Pineville, Mo. - Three church leaders facing trial on charges of abusing young girls from their southwest Missouri commune will seek a change of venue or ask for a jury from another county to hear their case, the lead prosecutor said Tuesday.

McDonald County Assistant Prosecutor Dan Bagley said the three are likely to be successful in a court hearing next week because Missouri law makes it easier for criminal defendants in smaller counties to move their trials or have jurors from another part of the state hear their cases.

Attorneys for the Rev. Raymond Lambert; his wife, Patty Lambert; and Laura Epling, the wife of a church deacon, have filed motions saying their cases have received too much news coverage to get a fair trial in this rural county of about 22,800 people.

All three have pleaded not guilty to a variety of felony counts including statutory sodomy, child molestation and rape in the alleged abuse of young girls over several years at their McDonald County farm community, the Grand Valley Independent Baptist Church

The change of venue motions will be the main issue at a pretrial conference next Tuesday in McDonald County Circuit Court, Bagely said.

"I'm sure that the court's going to grant the motion that at a minimum a jury be bused in from a different county," Bagely told The Associated Press, adding his preference would be to keep the trial here.

The trials, possibly with the Lamberts tried together and the Epling case heard separately, may not happen until summer, Bagley said.

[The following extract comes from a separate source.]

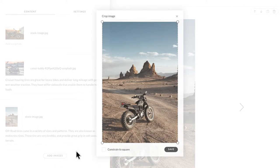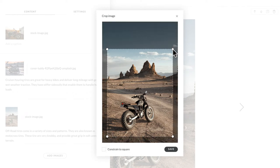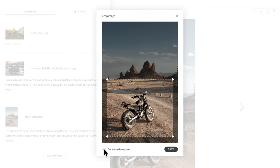Then, click and drag the on-screen controls to easily adjust your image. And, when you know you want to keep your image a square, just check Constrain to Square.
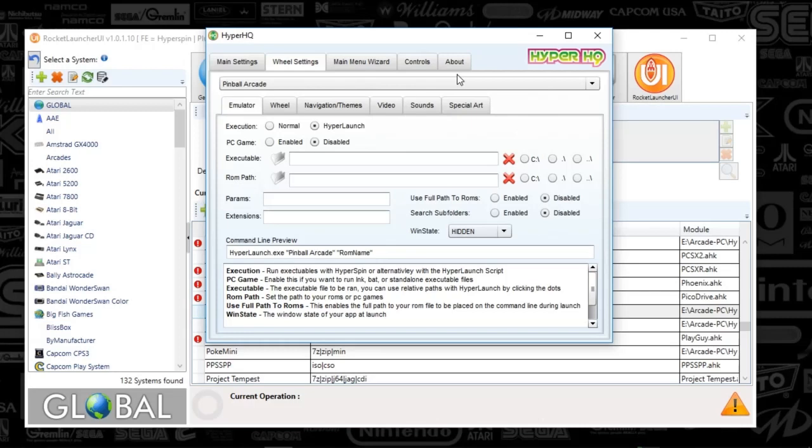What you're going to do is go to main menu wizard, push the plus sign, and then type in Pinball Arcade, capital P capital A, and hit next on that.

Laura Epling re-entered a plea of not guilty Tuesday at her first hearing since she was bound over for trial last month. She is charged with one count of second-degree statutory sodomy after allegedly helping Raymond Lambert molest a then-16-year-old girl.

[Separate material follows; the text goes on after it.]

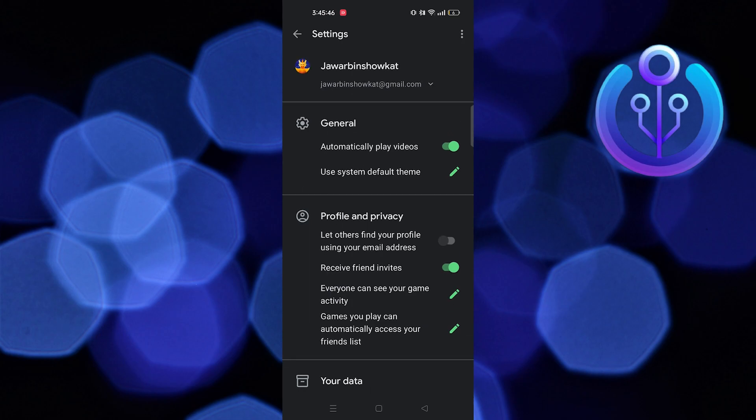Once this option has been enabled, go ahead and transfer your Google Play Games data to the Game Center. Thanks for watching and please leave a like, subscribe and share.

Her husband, Tom Epling, is a church deacon. Charges against him were dropped earlier because the statute of limitations had run out.

Tom Epling's brother, Paul Epling, who also was a deacon, was scheduled to have a hearing Jan. 29 to determine if he goes on trial.

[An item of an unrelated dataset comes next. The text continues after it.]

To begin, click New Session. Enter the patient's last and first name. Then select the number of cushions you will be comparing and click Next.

Raymond Lambert faces seven felony counts of child sexual abuse, and his wife faces one count of child molestation. Patty is a sister of Tom and Paul Epling.

In a related case in neighboring Newton County, Raymond Lambert's uncle, George Otis Johnston, who was pastor of an allied church commune near Neosho, is set to stand trial February 23 with jurors from another jurisdiction.

Johnston has pleaded not guilty to eight counts of abusing a girl over an eight-year period, beginning when she was 8 years old.